## Supplied material
━━━━━━━━━━━━━━━━━━━━━━━━━━━━━━

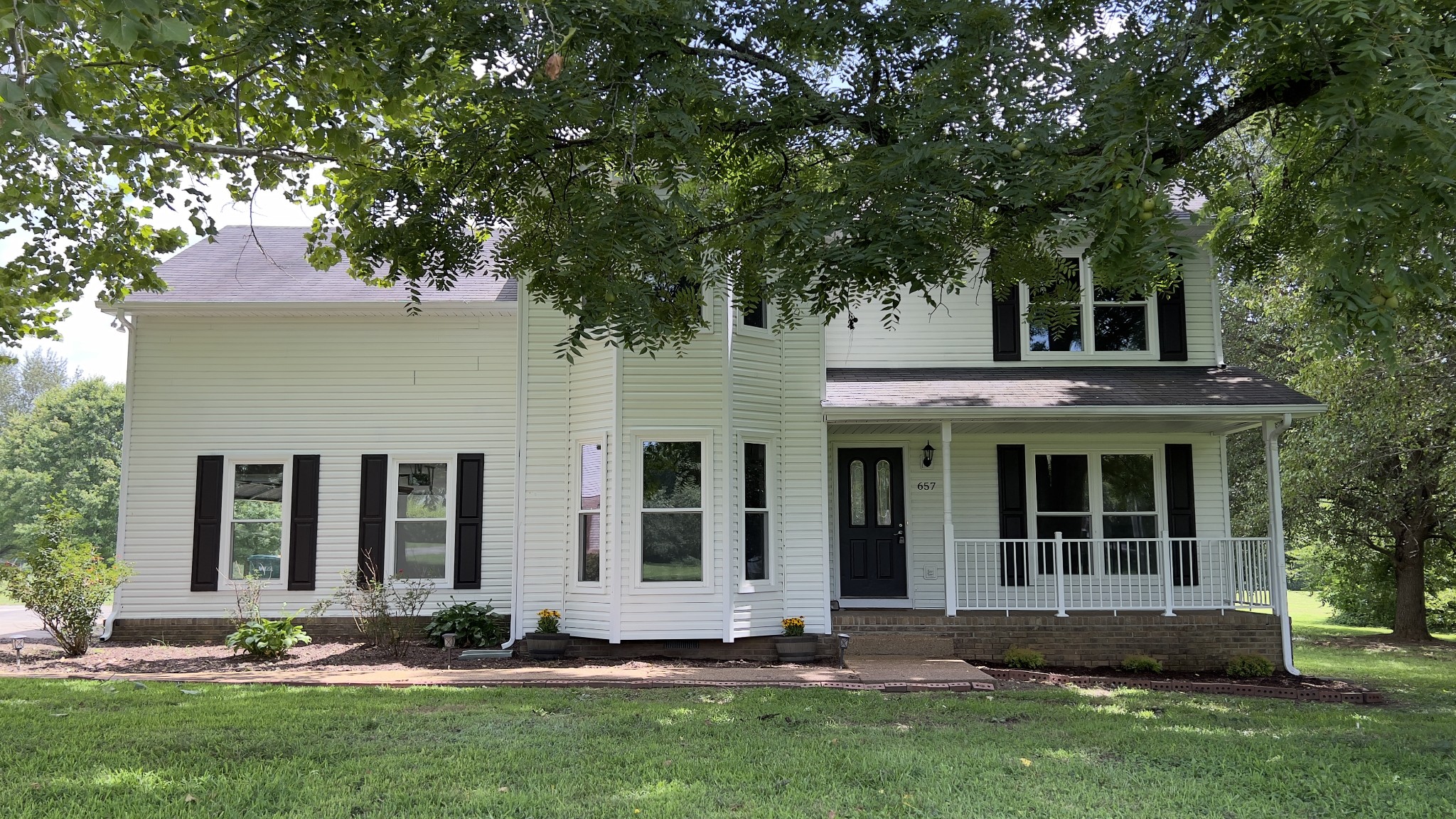 a front view of house with yard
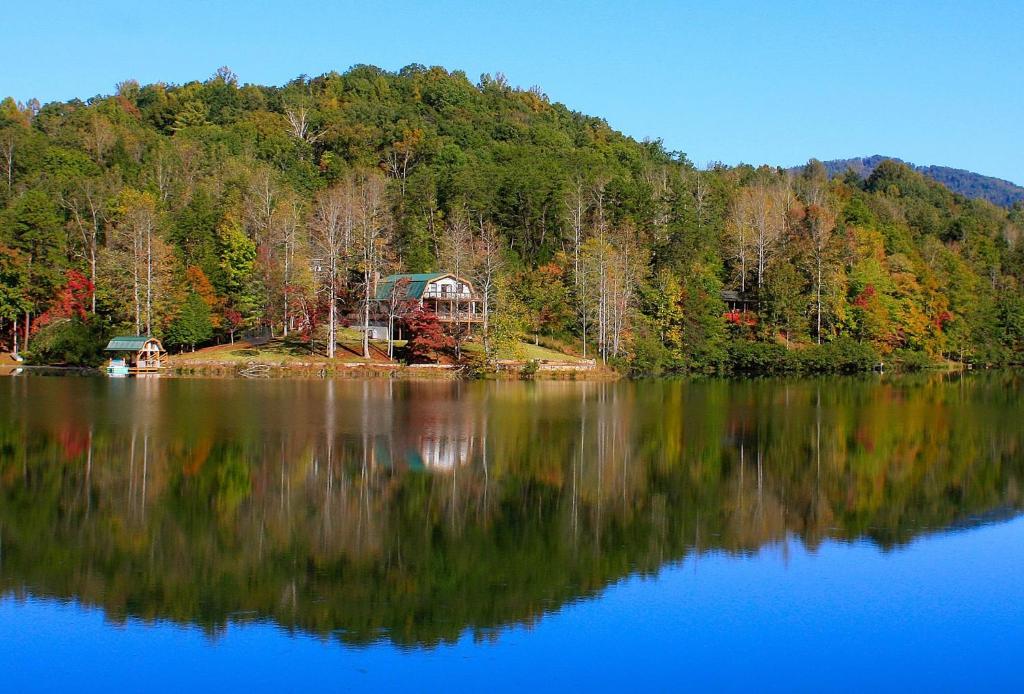 un reflet d'une maison dans un lac avec des arbres dans l'établissement Lake Lure Retreat - A Beautiful Lakefront Lodge on Mirror Lake-Waterfront-Newly Expanded Deck lodge, à Lake Lure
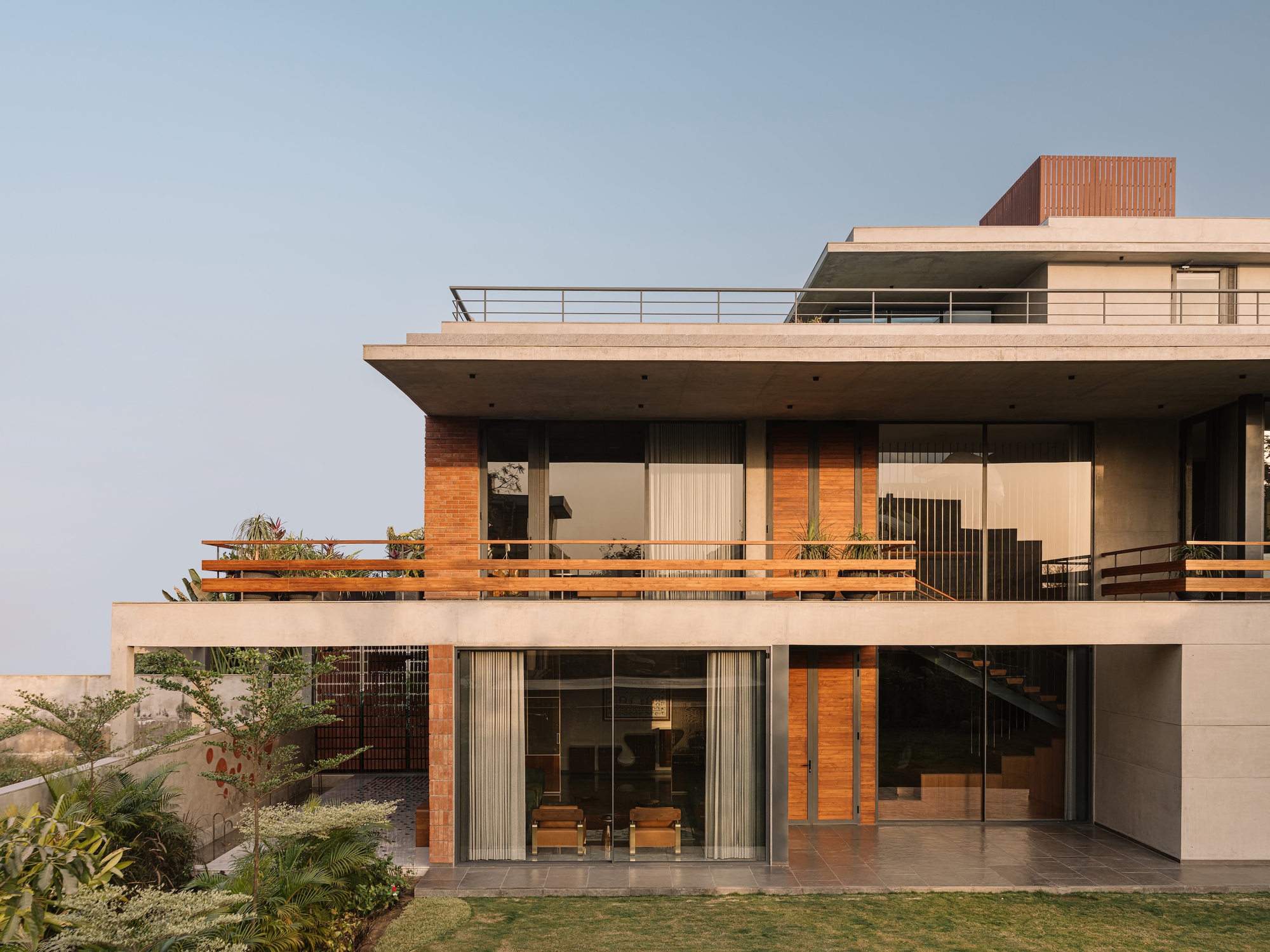 Garden facade with concrete slabs, brick piers and timber railings, glazed living room at ground level in soft evening haze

━━━━━━━━━━━━━━━━━━━━━━━━━━━━━━

Repeat the listing above word for word, omitting the pictures.

## Expected answer
 a front view of house with yard
 un reflet d'une maison dans un lac avec des arbres dans l'établissement Lake Lure Retreat - A Beautiful Lakefront Lodge on Mirror Lake-Waterfront-Newly Expanded Deck lodge, à Lake Lure
 Garden facade with concrete slabs, brick piers and timber railings, glazed living room at ground level in soft evening haze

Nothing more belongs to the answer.